On the board, Under some grids there are mines (represent by a red flag). There are numbers ‘A(i,j)’ on some grids means there’re A(i,j) mines on the 8 grids which shares a corner or a line with gird(i,j). Some grids are blank means there’re no mines on the 8 grids which shares a corner or a line with them.
At the beginning, all grids are back upward.
In each turn, Player should choose a back upward grid to click.
If he clicks a mine, Game over.
If he clicks a grid with a number on it , the grid turns over.
If he clicks a blank grid, the grid turns over, then check grids in its 8 directions.If the new grid is a blank gird or a grid with a number,it will be clicked too.
So If we click the grid with a red point in Pic(1), grids in the area be encompassed with green line will turn over.
Now Xiemao and Fanglaoshi invent a new mode of playing Mine. They have found out coordinates of all grids with mine in a game. They also find that in a game there is no grid will turn over twice when click 2 different connected components.(In the Pic(2), grid at (1,1) will turn over twice when player clicks (0,0) and (2,2) , test data will not contain these cases).
Then, starting from Xiemao, they click the grid in turns. They both use the best strategy. Both of them will not click any grids with mine, and the one who have no grid to click is the loser.
Now give you the size of board N, M, number of mines K, and positions of every mine X_i,Y_i.
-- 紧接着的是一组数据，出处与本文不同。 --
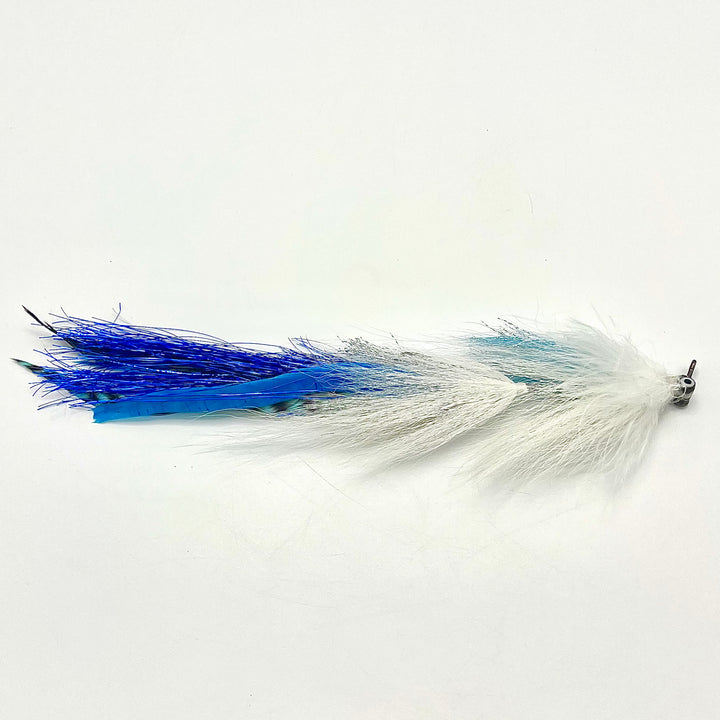 Urban Fly Co. Double River Pig Musky Fly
Please output who will win.

 

Input

Multicase
The first line of the date is an integer T, which is the number of the text cases. (T<=50)
Then T cases follow, each case starts with 3 integers N, M, K indicates the size of the board and the number of mines.Then goes K lines, the ith line with 2 integer X_i,Y_i means the position of the ith mine.
1<=N,M<=1000 0<=K<=N*M 0<=X_i<N 0<=Y_i<M

 

Output

For each case, first you should print "Case #x: ", where x indicates the case number between 1 and T . Then output the winner of the game, either ”Xiemao” or “Fanglaoshi”. (without quotes)

 

Sample Input

23 3 03 3 11 1

 

Sample Output

Case #1: XiemaoCase #2: Fanglaoshi

 

Source

2013 Multi-University Training Contest 8

 

不懂博弈的话，这题很难做~

题意：

给出一个N*M的格子图，给出K个雷的坐标，模拟扫雷游戏，当翻开空白格子是，它周围的格子会翻开（除了有雷的格子）

当翻开数字格子则显示数字，两个人轮流翻，最后没有格子可以翻的人败

分析：

首先，理解一下自由度原理。（POJ 2348 Euclid's Game,这个题就初步用到了自由度的原理）

在博弈的过程中可能会遇到很多局面，有的局面有够做出多种性质不同的选择，而有的局面只能做出同种性质的选择。

在博弈过程中，当我们走到没有自由度的局面，基本就只能按一个模式走下去了。

比如说这题，当我们将所有的空白点都翻完之后，（也就是只剩下数字点可选的局面），那么胜负已经确定了

因为面对这样的局面，游戏就变成你翻一个数字点我翻一个数字点的模拟。

在博弈里面，游戏双方为了选择最优策略，一定是先选择有自由度的空白点去翻，直到将所有的空白点翻完。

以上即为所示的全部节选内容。